W sumie wyszło na jego. To, że chciał dziecko to rozumiem. Ale tego żebyś zrezygnowała z pracy to tego już nie rozumiem.

2018-10-24 12:59

My chcieliśmy ślub. Daniel chciał dziecko, chciał żebym zrezygnowała z pracy więc ubezpieczenia bym nie miała. Haha ślub wzięliśmy po 1.5 roku wspólnego mieszkania

2018-10-24 11:15

Moi rodzice to po sąsiedzku się znali. U mnie krótka znajomość nie wchodzi w grę bym się zdecydowała na wspólne życie.
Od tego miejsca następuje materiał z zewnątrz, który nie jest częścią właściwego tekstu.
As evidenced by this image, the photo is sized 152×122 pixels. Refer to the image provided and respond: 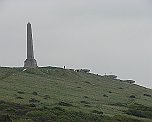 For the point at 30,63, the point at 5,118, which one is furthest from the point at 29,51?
the point at 5,118

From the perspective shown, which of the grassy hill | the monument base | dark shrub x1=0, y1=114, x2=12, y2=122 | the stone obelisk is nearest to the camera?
dark shrub x1=0, y1=114, x2=12, y2=122

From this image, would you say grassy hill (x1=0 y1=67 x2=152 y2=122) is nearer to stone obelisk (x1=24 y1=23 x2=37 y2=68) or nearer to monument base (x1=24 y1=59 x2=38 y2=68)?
stone obelisk (x1=24 y1=23 x2=37 y2=68)

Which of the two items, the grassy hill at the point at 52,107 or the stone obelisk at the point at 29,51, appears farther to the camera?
the stone obelisk at the point at 29,51

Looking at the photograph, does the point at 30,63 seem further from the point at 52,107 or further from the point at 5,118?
the point at 5,118

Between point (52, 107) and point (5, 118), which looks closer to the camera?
point (5, 118)

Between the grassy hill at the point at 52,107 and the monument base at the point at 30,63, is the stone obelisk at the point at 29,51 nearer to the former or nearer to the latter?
the monument base at the point at 30,63

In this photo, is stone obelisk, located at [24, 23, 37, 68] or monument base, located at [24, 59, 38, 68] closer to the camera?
stone obelisk, located at [24, 23, 37, 68]

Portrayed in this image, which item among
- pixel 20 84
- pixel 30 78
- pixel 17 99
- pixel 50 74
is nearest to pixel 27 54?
pixel 50 74

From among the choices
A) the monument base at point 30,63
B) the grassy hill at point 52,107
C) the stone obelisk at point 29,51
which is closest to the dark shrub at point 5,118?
the grassy hill at point 52,107

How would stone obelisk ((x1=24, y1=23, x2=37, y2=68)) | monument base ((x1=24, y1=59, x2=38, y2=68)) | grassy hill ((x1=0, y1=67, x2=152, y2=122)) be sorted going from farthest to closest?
monument base ((x1=24, y1=59, x2=38, y2=68)) < stone obelisk ((x1=24, y1=23, x2=37, y2=68)) < grassy hill ((x1=0, y1=67, x2=152, y2=122))

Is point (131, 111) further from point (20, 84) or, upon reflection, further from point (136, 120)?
point (20, 84)

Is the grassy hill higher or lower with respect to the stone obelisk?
lower

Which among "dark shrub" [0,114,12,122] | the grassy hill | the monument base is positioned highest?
the monument base

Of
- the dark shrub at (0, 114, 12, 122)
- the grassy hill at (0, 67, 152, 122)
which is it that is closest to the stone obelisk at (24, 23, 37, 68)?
the grassy hill at (0, 67, 152, 122)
Ja bym chyba się już nie zdecydowała na kolejny ślub. Jak ktoś ma być razem to będzie siedzieć nawet bez ślubu.

Konto usunięte

2018-10-24 09:43

Tak jak Paulina mówi, moi rodzice widzieli się kilka razy a są już od 32 lat małżeństwem. Ja czułam, że to ten człowiek i on ponoć też- skoro się oświadczył. Czasem nie wiemy co się wydarzy po ślubie nawet po 5 latach wspólnego mieszkania. Ale tak, teraz już nie zdecydowalabym się na szybki ślub. Myślę, że w tym przypadku popełniłam ogromny błąd ufając bezgranicznie i wierząc w to co słyszę i to co widzę. Jednak człowiek potrafi pięknie udawać i grać kogoś kim nie jest. Ale na pytanie DLACZEGO raczej nie znajdę odpowiedzi.